Tift describes how this approach brings you back to your original ground, your starting point, with a deeper appreciation of the awareness that characterises that ground. Your capacity to be aware of awareness has increased and intensified. He claims, ‘Resting in awareness is resting in a freedom that is not dependent on any conditions.’ There is nothing lacking in the present moment and this realisation allows us to commit fully to our embodiment and to what arises in mind and body, even where it is anxiety and psychological distress that arises from past experience. We agree to stay in the present with whatever is happening. In doing so we are no longer a self or subject located inside the content of our awareness, rather we are witnessing that content within the context of an awareness which is essentially impersonal.

(Bruce Tift, Already Free, Chapter 2)

In this way the fruitional, Buddhist, approach denies that the self has an independent, continuing existence. At any given moment, a moment in which we focus our attention on what is present, the self dissolves. And where our lives are simply a succession of current moments the self cannot have any continuing substance. The developmental approach, on the other hand, chooses to recognise that the self-view is real. It is something that has an evolutionary history in that selfhood favours survival and replication. It has a personal history too in that we unwittingly give it a shape as infants and children, particularly when we try to cope with physical or emotional distress. But as adults we can be free of it.
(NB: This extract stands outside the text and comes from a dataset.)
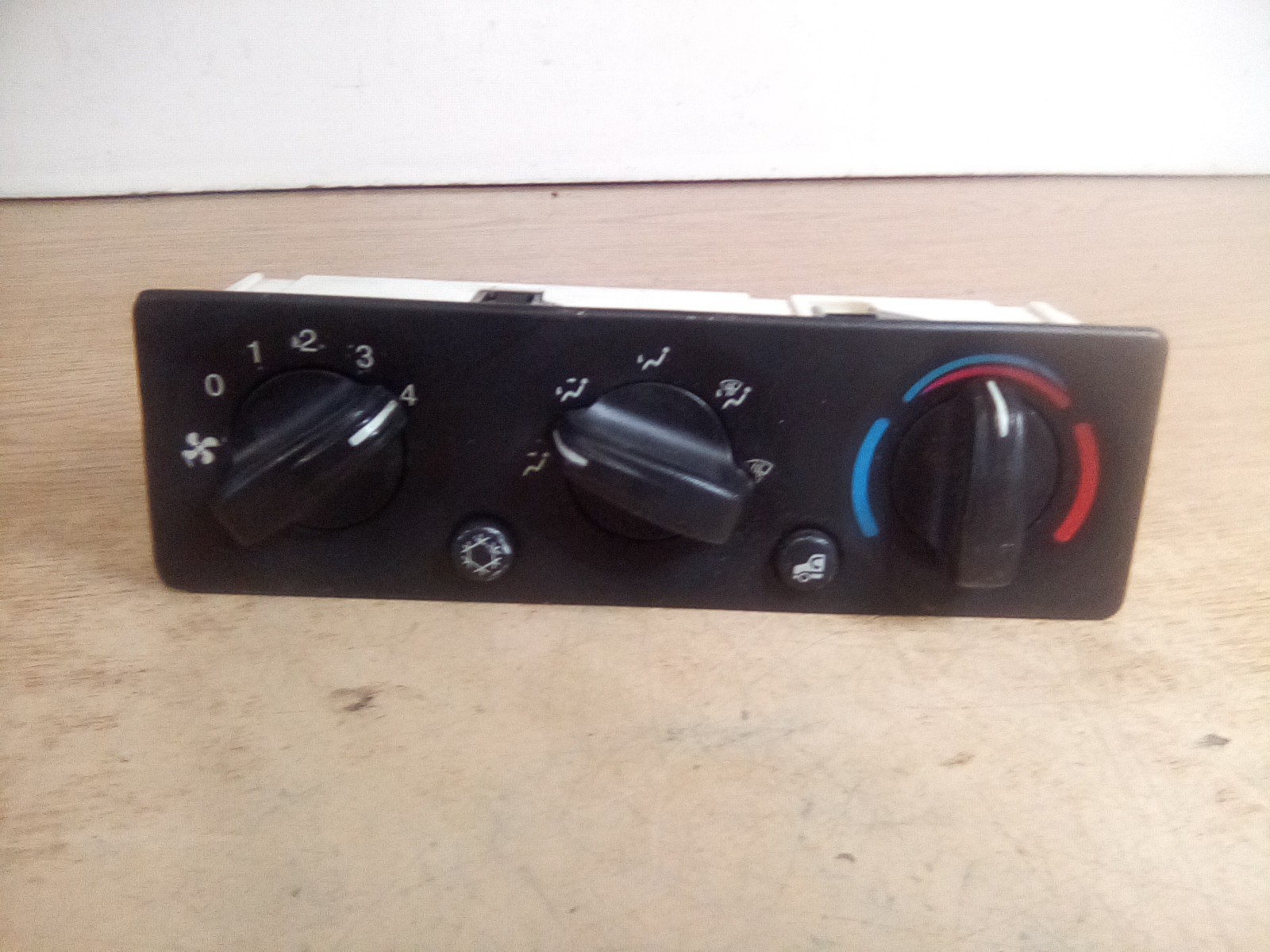 Peterbilt 579 Climate Control Q21-6012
Thus the developmental view treats the self as if it were real and substantial, and attempts to heal it. It regards psychological suffering as a substitute for experiential intensity. The fruitional view on the other hand treats the self as illusory and repeatedly returns the mind to the experience of the present moment where such intensity of experience is simply what it is. Tift speculates that the developmental approach is about becoming whereas the fruitional one is all about being, about what one is now. But in practice there is a dialogue between the two and either can prove effective in healing a suffering mind.

In both perspectives we begin our lives with the potential to experience everything, good or bad, within the present moment. But as infants we necessarily learn to reject what is ‘bad’ or uncomfortable, designating a part of our experience as unacceptable and to be suppressed. Yet as adults we can return to freedom by learning to accept whatever comes into our experience of the moment. In effect, we make a life journey from freedom, to enslavement, and then back to freedom.

The present moment is characterised by awareness, and Tift regards consciousness or awareness as primary, unconstructed. It is the most basic aspect of our day-to-day and moment-to-moment experience. It is present in each moment of conscious experiencing. Yet at the same time it is our ‘ordinary’ mind, and the real mystery is why we are so often unaware of awareness. He notes, ‘Our very nature is that of an open, never-resolvable stream of experiencing and the always-present awareness of this display. Our very nature is that of freedom’.

Both approaches have the human subject as their focus, and ordinary human sensations and emotions as their concern. Both acknowledge that each of us wants to experience life in freedom. But they recognise that the pursuit of positive experiences over the negative will not achieve this for us, simply because all human lives must contain both. Thus, the key to psychological welfare lies in how we engage with and relate to our experience, not primarily what kind of experience we have. And we can only engage with our experience in the present moment.